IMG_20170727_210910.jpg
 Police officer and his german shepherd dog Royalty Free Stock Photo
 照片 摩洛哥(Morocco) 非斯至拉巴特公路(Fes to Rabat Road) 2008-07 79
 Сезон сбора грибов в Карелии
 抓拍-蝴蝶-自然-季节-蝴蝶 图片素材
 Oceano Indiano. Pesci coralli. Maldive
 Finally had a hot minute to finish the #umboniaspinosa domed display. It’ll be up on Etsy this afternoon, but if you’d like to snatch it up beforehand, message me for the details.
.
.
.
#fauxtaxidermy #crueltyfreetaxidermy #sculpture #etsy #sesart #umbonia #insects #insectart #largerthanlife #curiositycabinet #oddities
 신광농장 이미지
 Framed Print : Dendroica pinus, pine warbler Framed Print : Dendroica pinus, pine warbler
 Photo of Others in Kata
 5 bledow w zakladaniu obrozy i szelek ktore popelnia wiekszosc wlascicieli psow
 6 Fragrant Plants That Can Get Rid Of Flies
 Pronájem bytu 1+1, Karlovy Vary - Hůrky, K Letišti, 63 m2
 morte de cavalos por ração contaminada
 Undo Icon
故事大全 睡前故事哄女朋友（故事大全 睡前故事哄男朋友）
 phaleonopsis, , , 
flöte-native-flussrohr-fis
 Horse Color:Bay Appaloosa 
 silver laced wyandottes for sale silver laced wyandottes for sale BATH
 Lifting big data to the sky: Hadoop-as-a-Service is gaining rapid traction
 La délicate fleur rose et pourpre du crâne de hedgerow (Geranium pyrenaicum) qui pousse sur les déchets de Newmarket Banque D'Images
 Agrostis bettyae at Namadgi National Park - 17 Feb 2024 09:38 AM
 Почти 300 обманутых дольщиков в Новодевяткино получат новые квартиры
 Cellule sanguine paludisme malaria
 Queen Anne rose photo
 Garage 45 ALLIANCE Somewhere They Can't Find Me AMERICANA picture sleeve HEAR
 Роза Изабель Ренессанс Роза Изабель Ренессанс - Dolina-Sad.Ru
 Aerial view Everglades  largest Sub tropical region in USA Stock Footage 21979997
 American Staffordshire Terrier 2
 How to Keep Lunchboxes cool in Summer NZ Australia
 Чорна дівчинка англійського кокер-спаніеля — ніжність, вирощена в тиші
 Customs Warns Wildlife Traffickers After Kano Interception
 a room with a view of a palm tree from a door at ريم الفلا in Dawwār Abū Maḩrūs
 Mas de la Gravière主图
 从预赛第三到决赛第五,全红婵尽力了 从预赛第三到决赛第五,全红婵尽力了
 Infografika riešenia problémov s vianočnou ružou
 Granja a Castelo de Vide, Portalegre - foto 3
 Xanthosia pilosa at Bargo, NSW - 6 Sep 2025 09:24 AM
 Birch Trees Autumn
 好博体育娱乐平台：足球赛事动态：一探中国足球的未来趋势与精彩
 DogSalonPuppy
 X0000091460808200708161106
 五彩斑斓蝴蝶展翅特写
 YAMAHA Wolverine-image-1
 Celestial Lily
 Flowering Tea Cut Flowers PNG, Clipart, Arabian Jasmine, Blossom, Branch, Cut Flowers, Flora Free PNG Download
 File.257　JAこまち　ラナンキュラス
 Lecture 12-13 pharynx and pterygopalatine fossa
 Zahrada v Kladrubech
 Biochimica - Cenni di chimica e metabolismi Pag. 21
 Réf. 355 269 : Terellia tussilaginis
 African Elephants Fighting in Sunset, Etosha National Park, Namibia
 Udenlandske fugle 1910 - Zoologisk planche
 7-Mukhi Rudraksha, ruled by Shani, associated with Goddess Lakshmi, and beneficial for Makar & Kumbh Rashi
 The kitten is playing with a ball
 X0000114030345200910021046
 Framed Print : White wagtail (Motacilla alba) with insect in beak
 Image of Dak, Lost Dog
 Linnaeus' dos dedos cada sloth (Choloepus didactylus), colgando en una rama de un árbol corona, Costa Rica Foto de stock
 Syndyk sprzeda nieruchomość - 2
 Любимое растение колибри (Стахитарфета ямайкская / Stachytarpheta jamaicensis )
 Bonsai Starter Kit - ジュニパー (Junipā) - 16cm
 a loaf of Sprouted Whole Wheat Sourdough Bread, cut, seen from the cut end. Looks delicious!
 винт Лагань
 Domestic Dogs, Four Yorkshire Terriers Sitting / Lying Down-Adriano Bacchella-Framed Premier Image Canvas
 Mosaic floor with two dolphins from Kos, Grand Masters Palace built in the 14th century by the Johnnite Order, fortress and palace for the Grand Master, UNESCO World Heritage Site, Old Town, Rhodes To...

Your goal. The records above should be repeated word for word.

Reply.
IMG_20170727_210910.jpg
 Police officer and his german shepherd dog Royalty Free Stock Photo
 照片 摩洛哥(Morocco) 非斯至拉巴特公路(Fes to Rabat Road) 2008-07 79
 Сезон сбора грибов в Карелии
 抓拍-蝴蝶-自然-季节-蝴蝶 图片素材
 Oceano Indiano. Pesci coralli. Maldive
 Finally had a hot minute to finish the #umboniaspinosa domed display. It’ll be up on Etsy this afternoon, but if you’d like to snatch it up beforehand, message me for the details.
.
.
.
#fauxtaxidermy #crueltyfreetaxidermy #sculpture #etsy #sesart #umbonia #insects #insectart #largerthanlife #curiositycabinet #oddities
 신광농장 이미지
 Framed Print : Dendroica pinus, pine warbler Framed Print : Dendroica pinus, pine warbler
 Photo of Others in Kata
 5 bledow w zakladaniu obrozy i szelek ktore popelnia wiekszosc wlascicieli psow
 6 Fragrant Plants That Can Get Rid Of Flies
 Pronájem bytu 1+1, Karlovy Vary - Hůrky, K Letišti, 63 m2
 morte de cavalos por ração contaminada
 Undo Icon
故事大全 睡前故事哄女朋友（故事大全 睡前故事哄男朋友）
 phaleonopsis, , , 
flöte-native-flussrohr-fis
 Horse Color:Bay Appaloosa 
 silver laced wyandottes for sale silver laced wyandottes for sale BATH
 Lifting big data to the sky: Hadoop-as-a-Service is gaining rapid traction
 La délicate fleur rose et pourpre du crâne de hedgerow (Geranium pyrenaicum) qui pousse sur les déchets de Newmarket Banque D'Images
 Agrostis bettyae at Namadgi National Park - 17 Feb 2024 09:38 AM
 Почти 300 обманутых дольщиков в Новодевяткино получат новые квартиры
 Cellule sanguine paludisme malaria
 Queen Anne rose photo
 Garage 45 ALLIANCE Somewhere They Can't Find Me AMERICANA picture sleeve HEAR
 Роза Изабель Ренессанс Роза Изабель Ренессанс - Dolina-Sad.Ru
 Aerial view Everglades  largest Sub tropical region in USA Stock Footage 21979997
 American Staffordshire Terrier 2
 How to Keep Lunchboxes cool in Summer NZ Australia
 Чорна дівчинка англійського кокер-спаніеля — ніжність, вирощена в тиші
 Customs Warns Wildlife Traffickers After Kano Interception
 a room with a view of a palm tree from a door at ريم الفلا in Dawwār Abū Maḩrūs
 Mas de la Gravière主图
 从预赛第三到决赛第五,全红婵尽力了 从预赛第三到决赛第五,全红婵尽力了
 Infografika riešenia problémov s vianočnou ružou
 Granja a Castelo de Vide, Portalegre - foto 3
 Xanthosia pilosa at Bargo, NSW - 6 Sep 2025 09:24 AM
 Birch Trees Autumn
 好博体育娱乐平台：足球赛事动态：一探中国足球的未来趋势与精彩
 DogSalonPuppy
 X0000091460808200708161106
 五彩斑斓蝴蝶展翅特写
 YAMAHA Wolverine-image-1
 Celestial Lily
 Flowering Tea Cut Flowers PNG, Clipart, Arabian Jasmine, Blossom, Branch, Cut Flowers, Flora Free PNG Download
 File.257　JAこまち　ラナンキュラス
 Lecture 12-13 pharynx and pterygopalatine fossa
 Zahrada v Kladrubech
 Biochimica - Cenni di chimica e metabolismi Pag. 21
 Réf. 355 269 : Terellia tussilaginis
 African Elephants Fighting in Sunset, Etosha National Park, Namibia
 Udenlandske fugle 1910 - Zoologisk planche
 7-Mukhi Rudraksha, ruled by Shani, associated with Goddess Lakshmi, and beneficial for Makar & Kumbh Rashi
 The kitten is playing with a ball
 X0000114030345200910021046
 Framed Print : White wagtail (Motacilla alba) with insect in beak
 Image of Dak, Lost Dog
 Linnaeus' dos dedos cada sloth (Choloepus didactylus), colgando en una rama de un árbol corona, Costa Rica Foto de stock
 Syndyk sprzeda nieruchomość - 2
 Любимое растение колибри (Стахитарфета ямайкская / Stachytarpheta jamaicensis )
 Bonsai Starter Kit - ジュニパー (Junipā) - 16cm
 a loaf of Sprouted Whole Wheat Sourdough Bread, cut, seen from the cut end. Looks delicious!
 винт Лагань
 Domestic Dogs, Four Yorkshire Terriers Sitting / Lying Down-Adriano Bacchella-Framed Premier Image Canvas
 Mosaic floor with two dolphins from Kos, Grand Masters Palace built in the 14th century by the Johnnite Order, fortress and palace for the Grand Master, UNESCO World Heritage Site, Old Town, Rhodes To...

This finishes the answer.